To determine the optimal lyophilization and storage conditions of NPs, unconjugated NPs were screened with a variety of concentrations of cryoprotectants. First, NPs at the final desired concentration were resuspended in either 1% w/v xylitol with 0.5% w/v mannitol, 2% w/v xylitol with 1% w/v mannitol, 10% w/v trehalose, 20% w/v trehalose, 10% w/v sucrose, or 20% w/v sucrose. NPs were either snap-frozen in liquid nitrogen or slowly frozen using a Mr. Frosty™ Freezing Container (Thermofisher Scientific) at -80°C for 6 h, and then thawed at RT before measuring the NP size. Sugars and concentrations that conferred protection with freeze/thaw cycles were selected for final study. Second, NPs were again frozen either slowly or snap-frozen as detailed above and then lyophilized using a FreeZone Triad Benchtop Freeze Dryer (LABCONCO, Kansas City, MO, USA) for 48–72 h. NPs were reconstituted and vortexed for 10 sec. Reconstituted NP size was then immediately measured by dynamic light scattering using a Malvern Zetasizer Nano ZS (Malvern, Worcestershire, UK). The most stable formulation at the lowest cryoprotectant concentration was then chosen for the vaccination studies. Stability is here defined as minimal size change from pre- to post-lyophilization that preserves the NP size below 50 nm (number average) as measured by DLS.
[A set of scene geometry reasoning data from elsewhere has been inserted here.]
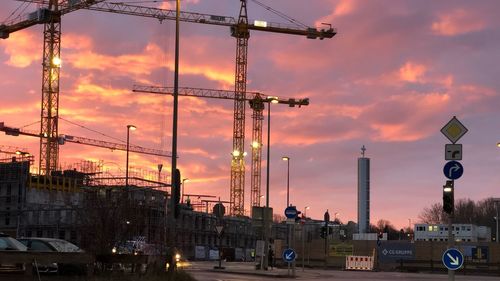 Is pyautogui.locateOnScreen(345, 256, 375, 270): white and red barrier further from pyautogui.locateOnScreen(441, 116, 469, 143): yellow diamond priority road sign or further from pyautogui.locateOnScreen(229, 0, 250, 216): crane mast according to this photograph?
pyautogui.locateOnScreen(229, 0, 250, 216): crane mast

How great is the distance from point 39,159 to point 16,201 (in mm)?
20985

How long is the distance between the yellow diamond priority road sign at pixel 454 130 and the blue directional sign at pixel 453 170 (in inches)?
25.1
Lyophilization of UF6b- and CpG-Nanoparticles Used for Vaccination Study

UF6b-NPs and CpG-NPs were mixed with 20% w/v sucrose cryoprotectant to yield the desired dose of antigen/adjuvant with a final concentration of 10% w/v sucrose. The NPs were aliquoted by 300 µL into sterile 2.0 mL screw-top tubes, frozen overnight using a Mr. Frosty in an -80°C freezer and lyophilized using a FreeZone Triad Benchtop Freeze Dryer. The lyophilized powder was stored in the -80°C freezer until use. To reconstitute the NPs, 300 µL of DI water was added and vortexed for 10 sec. NPs were then immediately administered to mice.

Physical Characterization of Nanoparticles

The NP before and after UF6b- or CpG-conjugation were diluted to 100 µg/mL in reference to polymer weight in 10 mM HEPES (pH 7.2, containing 10 mM NaCl) and the hydrodynamic diameter and zeta potential were both measured using a Malvern Zetasizer Nano ZS. The morphology and dry size of each NP was determined by transmission electron microscopy (TEM) using a Tecnai FEI-12 electron microscope (FEI Company, Hillsboro, OR, USA). Samples were diluted and 20 μL aliquots absorbed onto Electron Microscopy Sciences ionized nickel grids covered with carbon films for 30 min. The NP suspension was removed by blotting using Whatman filter paper or Kimwipe™. The samples were then stained with 2% w/v uranyl acetate for 45 sec. The grids were blotted to remove excess negative stain and allowed to dry in a chemical hood prior to imaging.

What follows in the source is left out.